▶ [The task] An exact transcription of the lines from the one holding "Oppo A3x новый запечатный" to the end of the entries below, and nothing more, is the required answer. Please omit the pictures.

▶ [Records shown]
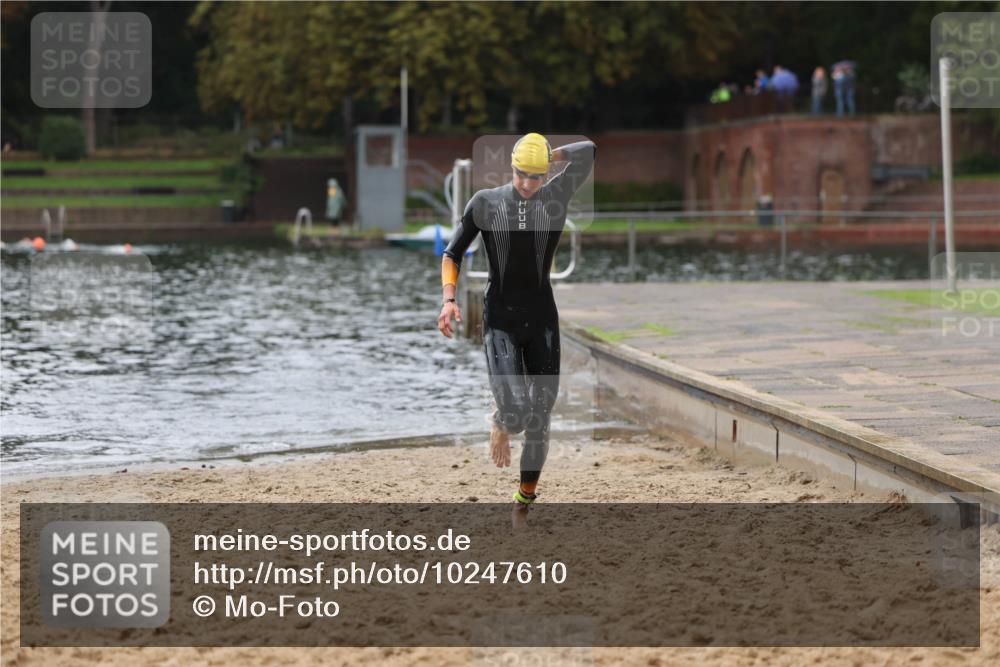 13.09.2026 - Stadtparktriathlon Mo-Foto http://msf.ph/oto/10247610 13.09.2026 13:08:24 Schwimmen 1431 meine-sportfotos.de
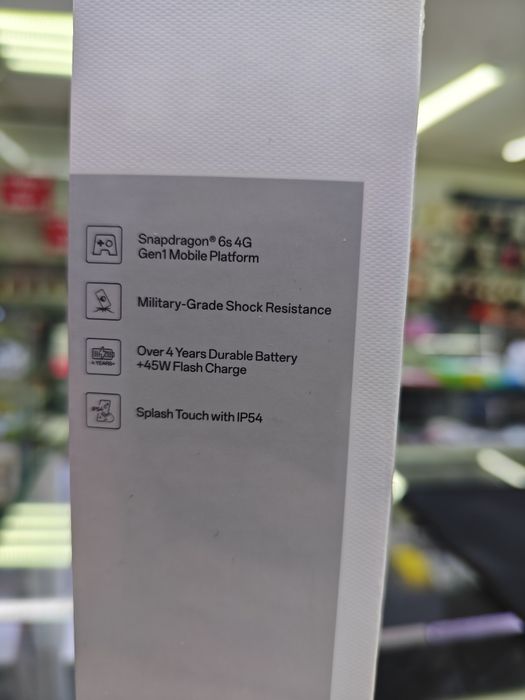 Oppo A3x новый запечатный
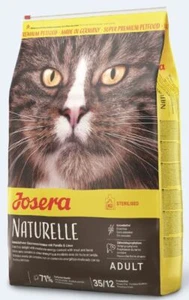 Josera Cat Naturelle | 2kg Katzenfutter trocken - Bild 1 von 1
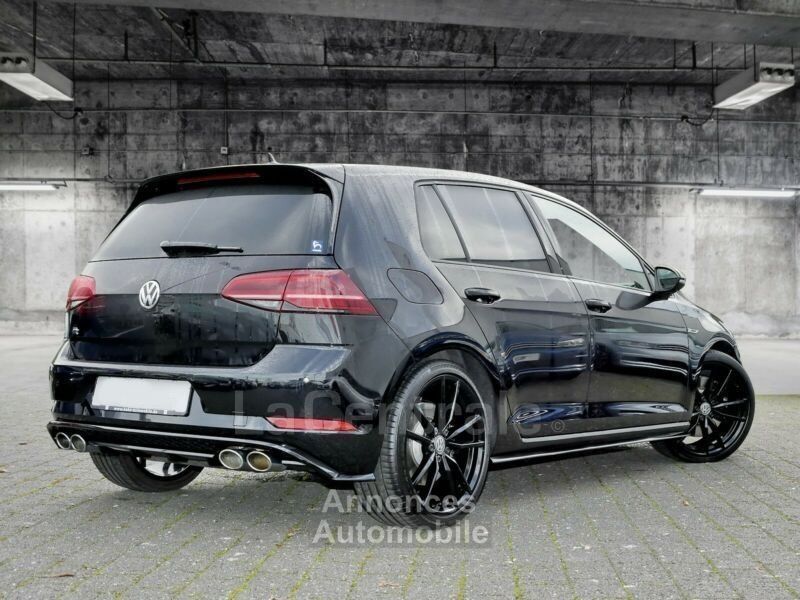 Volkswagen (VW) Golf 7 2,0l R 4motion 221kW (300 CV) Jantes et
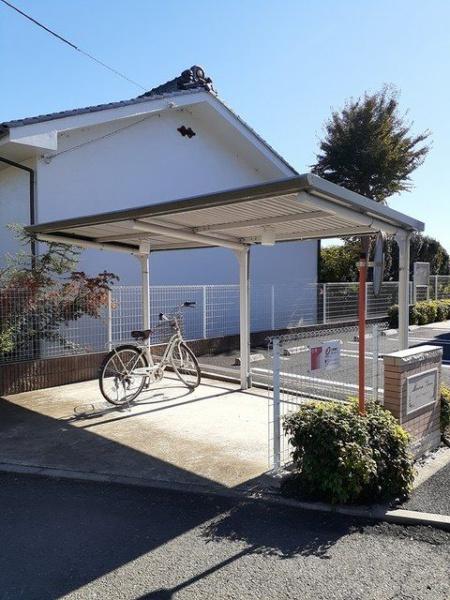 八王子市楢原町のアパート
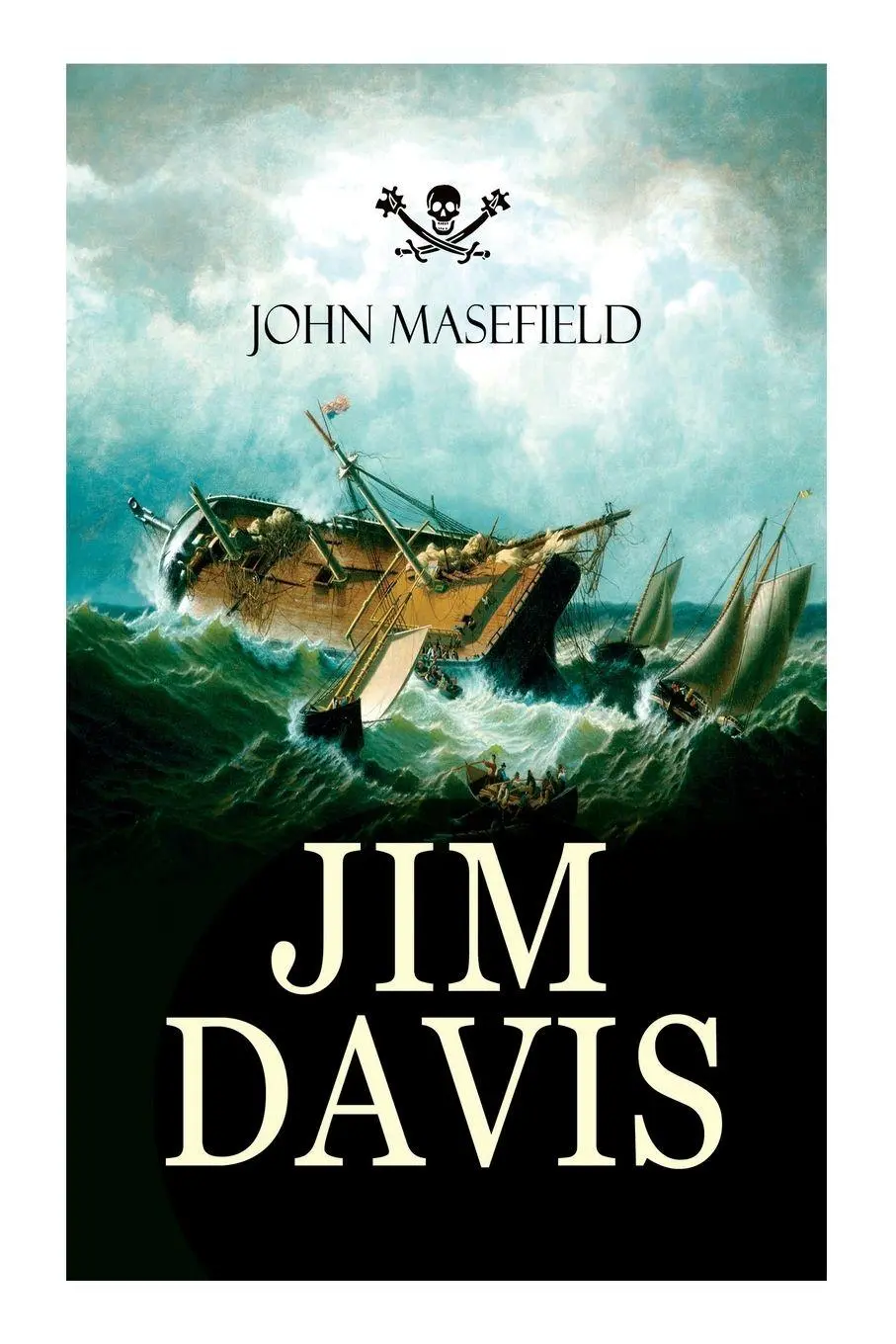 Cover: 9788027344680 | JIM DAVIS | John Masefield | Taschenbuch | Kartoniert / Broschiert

▶ [Output of the task]
 Oppo A3x новый запечатный
 Josera Cat Naturelle | 2kg Katzenfutter trocken - Bild 1 von 1
 Volkswagen (VW) Golf 7 2,0l R 4motion 221kW (300 CV) Jantes et
 八王子市楢原町のアパート
 Cover: 9788027344680 | JIM DAVIS | John Masefield | Taschenbuch | Kartoniert / Broschiert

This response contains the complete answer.